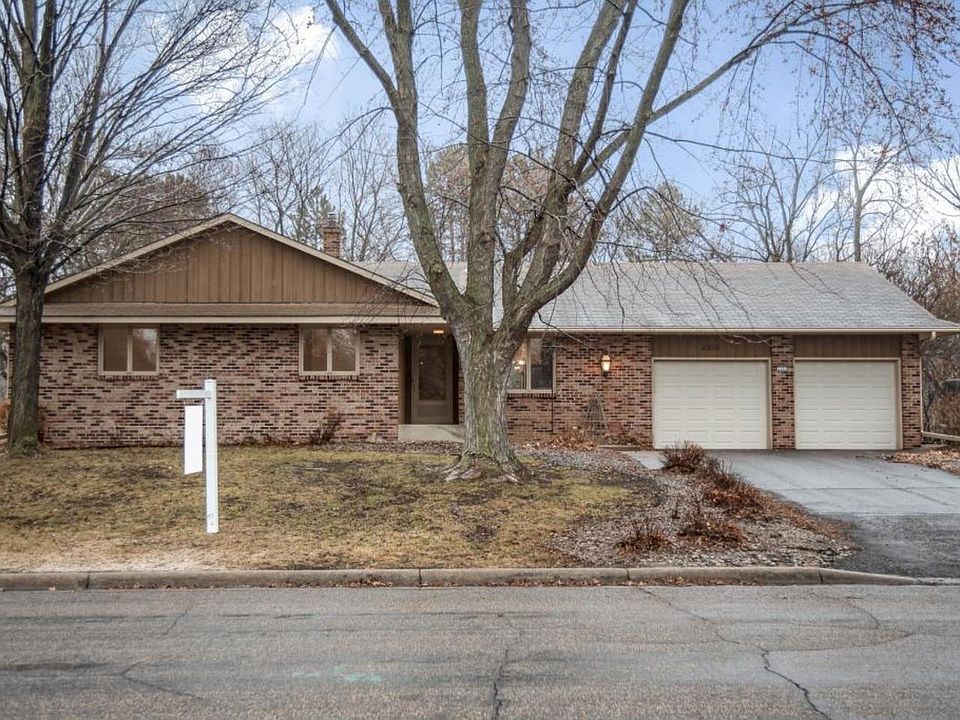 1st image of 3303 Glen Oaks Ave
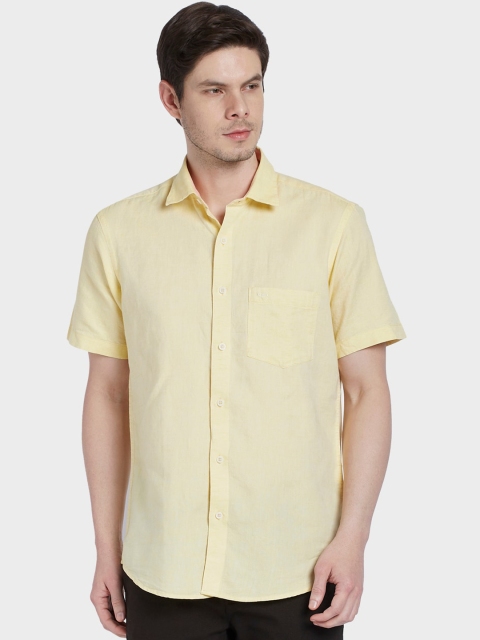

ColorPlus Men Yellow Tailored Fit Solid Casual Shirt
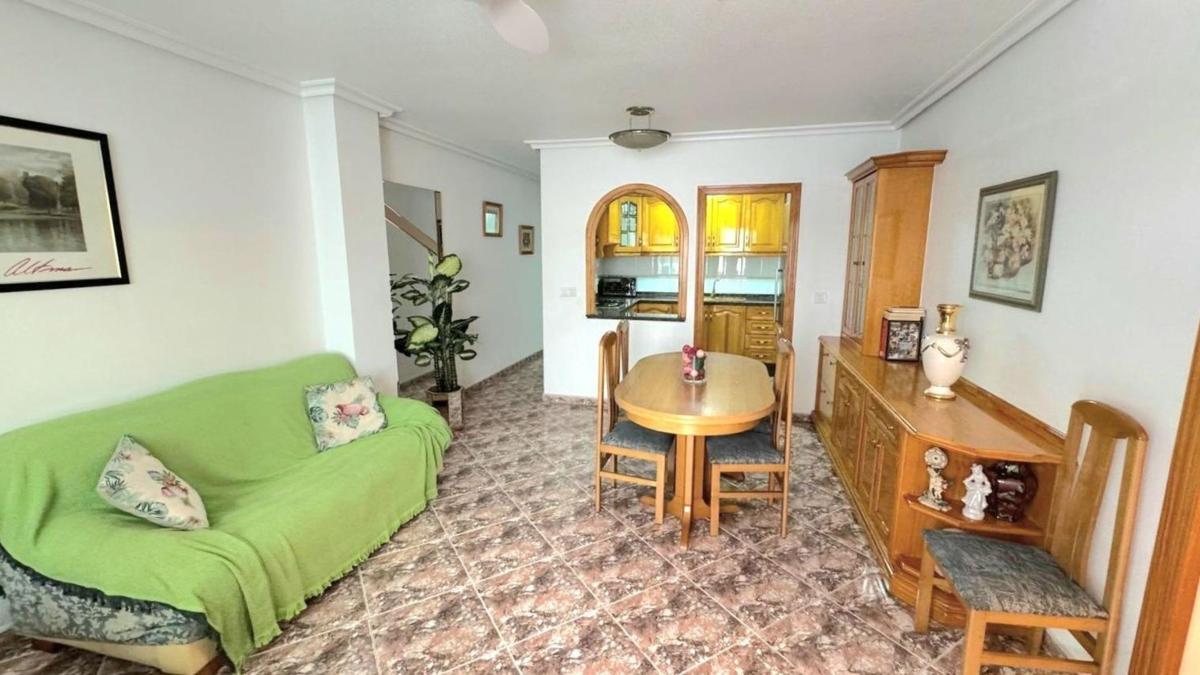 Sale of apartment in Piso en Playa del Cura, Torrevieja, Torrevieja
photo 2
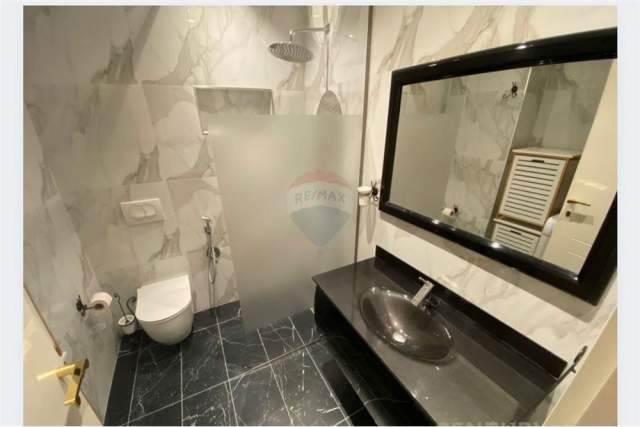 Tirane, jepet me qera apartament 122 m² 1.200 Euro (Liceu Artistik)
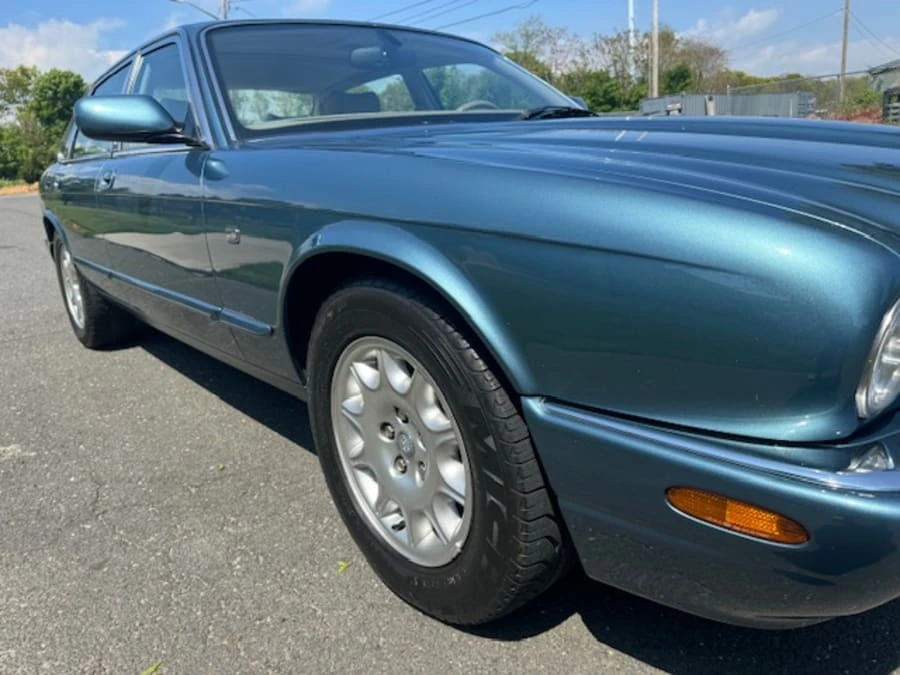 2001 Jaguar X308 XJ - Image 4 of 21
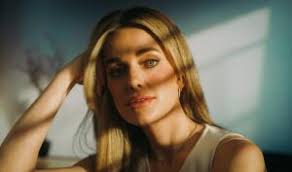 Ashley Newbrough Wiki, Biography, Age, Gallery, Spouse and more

________________

From the line containing "2001 Jaguar X308 XJ - Image 4 of 21" down to the final line of the records above, restate every line word for word, add nothing, and skip the pictures.

Output of the task:
 2001 Jaguar X308 XJ - Image 4 of 21
 Ashley Newbrough Wiki, Biography, Age, Gallery, Spouse and more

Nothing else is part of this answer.